Long story, I could cut it short or not go into details. Just the point I am making across is some guardians want a couch potato dog and come up with a dog who has high energy that some don't have the energy to deal with. Some guardians are dissatisfied with high energy dogs when all they want is him/her to be couch potato. Lobo has calmed down now since he is 2, but still has stuff that the guardians want to take care of. It is difficult for both of the guardians to provide Lobo with exercise like I give him that they would love. 

Nothing personal, but cannot walk Lobo due to this new trainer what he is recommened or telling them to do. A year ago he started to have leash reactive aggression that started with one dog. He does this unpredicatbly sometimes. However, progressively overtime he started to do this more. I am now the most experienced and the best at handling dogs who have or can have issues with other dogs. If you think Lobo and Dante are the only leash reactive dogs I know think again. SPCA and rescue organizations who I volunteer for have dogs who have the same thing as both of them. So am very used to it. To be honest, think a lot when I am going to walk a dog that does not have leash reactive dogs. Although have a few huskies that do not have any leash problems. I think it is more the other dogs who give the wrong approach. Lobo is not neutered for some reasons not for any breeding purposes. So the neuter dogs usually make some approach on Lobo that he does not like. So basically defending. He been doing this to me a little more. However, a month ago Lobo's guardian experienced this when Lobo done it on herself on a puppy. Hard to explain and I don't know if you understand this. I don't really understand this either. The new trainer they got 2 months ago said Lobo has to have isolation from people for awhile. They feel as this might make Lobo happier, but I have an opposite feeling and theory. Nobody likes to have isolation from society for a long time. Reality is they are really trying to help Lobo the only way that I can do frequent visits with Lobo and walks is when this is all over. Once this thing is all over than we can move on. I put all my faith in Lobo that he can do this.


----------



## Lobobear44

Sunflowers said:


> OP spent a lot of time with that dog, and grew attached.


@Sunflowers

Exactly Lobo and I spent a lot of time when he was a pup on frequent visits every week for 2-8 hours. Mostly 5 hours, except school nights. All until 2 months ago when frequent visits ended to a cut down divorce not by either choice. Just this new trainer I am not sure what to think of. Long story and hard to comprehend and explain. Hard to adjust to the new life like getting over a divorce.


----------



## doggiedad

GSD's are versatile. they can be friendly.



Saphire said:


> I could be wrong but I think she is thinking about the friendly Golden Retreiver like GSD that runs to people to say hello.


----------



## ozzymama

Saphire said:


> I will come walk your dogs!


Well, C'mon! You can even have Christmas Dinner with us tonight!


----------



## martemchik

OP, I used to think like you...I used to think there was a place for the low drive, couch potato GSDs because people want a dog that looks like a GSD but doesn't act like one. Well that's just wrong. Sure, if you end up with one, you should accept that dog for what it is, but as a breeder...that's not something you should be breeding for. Stick to the standard, and the standard calls for a dog that wants to work.

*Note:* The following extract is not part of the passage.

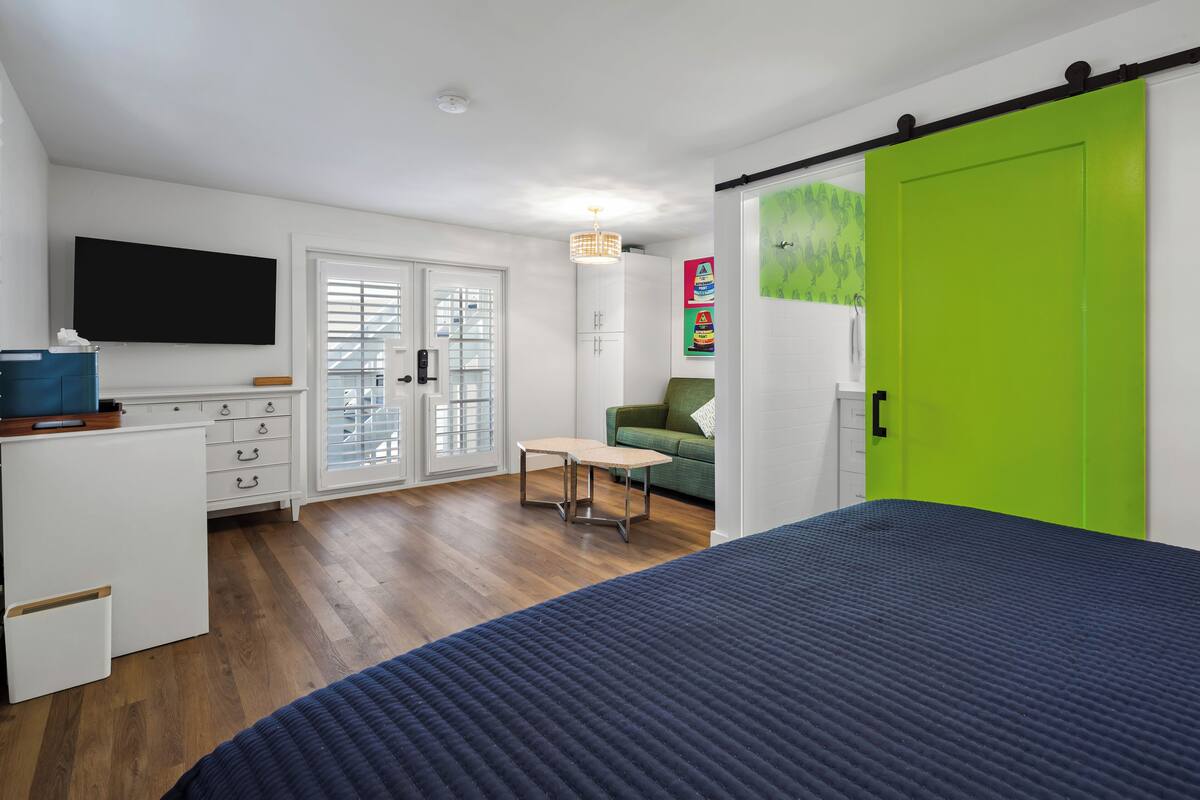 Une chambre moderne avec un lit, un bureau, une chaise, une télévision et une armoire verte.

No one is saying get rid of the couch potato GSD if you have one, but if that's what you want...why not just pick another breed that is supposed to be lazier/couch potato. Trust me, its much more fun to live/work a GSD that has drive and energy. It's so much more fun to train it, and its also a blessing to know that no matter what you decide to try with that dog...it will be happy to do it.

You're young, you don't have much experience with dogs, all you know is one dog that you walked. You haven't realized how much stuff there is to do with a dog. Go to akc.org or ukcdogs.com and see all the different activities you can do with a dog. Don't make your dog a couch potato, make it something more. Hope to excel in one of those sports and see how much fun it is. I have to instruct dogs all the time where the owner is really getting into a sport but their dog just isn't interested. It's so upsetting to see how a handler wants to do well in a sport but their dog just doesn't care, all it wants is to lay on the couch. That's not how GSDs are supposed to be. They ask me how I got my dog to be so happy, so excited to do simple things like heel or sit, its hard to tell them that I didn't do anything, he's just happy to work, happy to please, happy to do anything outside the house. Nothing these people do will help them build the kind of drive my dog naturally has...and for a decade they'll be "stuck" with a dog that is a wonderful house pet, but won't do the fun things out there that dogs and humans can do together to build an even stronger relationship.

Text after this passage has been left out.